Hülasa; O, her durumda “Anam babam sana feda olsun, yâ Resûlallah!..” teslimiyetini gösterendi.
Efendimiz (s.a.v.) vefatının yaklaştığını anlayınca hac yapacağını ilan ederek, Müslümanlarla birlikte Mekke’ye gitmek üzere Medine’den ayrılıyordu. Arafat’ta Veda Hutbesi’ni irad ederek yüz binin üzerindeki sahabeye İslâm’ın düsturlarını hatırlatıyordu. Aslında bu durum aynı zamanda ayrılık vaktinin yaklaştığını da haber veriyordu.
Bu arada Maide Sûresi’nin 3. ayeti nâzil oluyor ve yüce yaratıcı dinini tamamladığını bildiriyordu. “Ey Müminler! Şu küfreden müşrikler bugün dininizi söndürmekten ümitlerini kesmişlerdir. Artık bundan böyle onlardan korkmayınız, ancak benden korkunuz. Bugün dininizi hayr ve saadetiniz için kemale erdirdim ve size ihsan ettiğim nimetimi tamamladım. Din olarak da size İslâm’ı seçtim.”

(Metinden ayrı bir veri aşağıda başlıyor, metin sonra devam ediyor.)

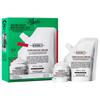 Kiehl S Since 1851 Hydration Refillery Skincare Set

Bu ayet Efendimizin (s.a.v.) vefatının yaklaştığını bildiriyordu. Bunu ilk anlayan sadık dost Hz. Ebûbekir (r.a.) oluyor ve ağlamaya başlıyordu.
Kendisine niçin ağladığı sorulunca Hz. Ebûbekir: “Bu ayet Rasûlullah (s.a.v.)’in vefatının yaklaştığına delalet eder” diye cevap veriyordu. Ayrıca efendimizin Veda Hutbesi’ndeki, “Belki bu seneden sonra sizinle burada bir araya gelemeyebilirim” sözü de vefatının yaklaştığını işaret ediyordu.
Hz. Peygamber Efendimiz (s.a.v) Veda Haccı'nı tamamladıktan sonra Medine'ye dönmüş ve kısa bir süre sonra hastalanmıştı. Hastalığı sırasında sahabiler Resûlullah’ı sık sık ziyaret ediyorlardı. İçlerinde Ebû Bekir’in de bulunduğu bu ziyaretlerden biri esnasında Peygamber Efendimiz (sav) şöyle buyuruyordu: “Cenab-ı Hak, kulunu, dünya ile ahireti tercih hususunda serbest bıraktı. Ama o kul, ahireti tercih etti.”
Bu ifadelerden ilk anda kimse bir şey anlayamıyordu. Yalnız Hz. Ebû Bekir, Peygamberimizin, bu sözle, vefat edeceğini işaret ettiğini anlıyordu. Hemen ağlamaya başlıyor ve şu sözler kalbinden dudaklarına firar ediyordu: “Babalarımız, analarımız, çocuklarımız, mallarımız, canlarımız sana feda olsun, yâ Resûlallah!”
Peygamberimiz onun bu feraset ve hassasiyetinden dolayı duygulanıp şöyle buyuruyordu: “Ağlama, ey Ebû Bekir. Eğer Allah’tan başka bir dost edinecek olsaydım, seni dost edinirdim.”
Tarih hicretin 11. Senesini, Rebiülevvel ayının 12’sini, Milâdî 8 Haziran 632’yi gösterirken Efendimiz (s.a.v.) 63 yaşında iken mübarek ruhu Refîk-i Alâ’ya yükseliyordu.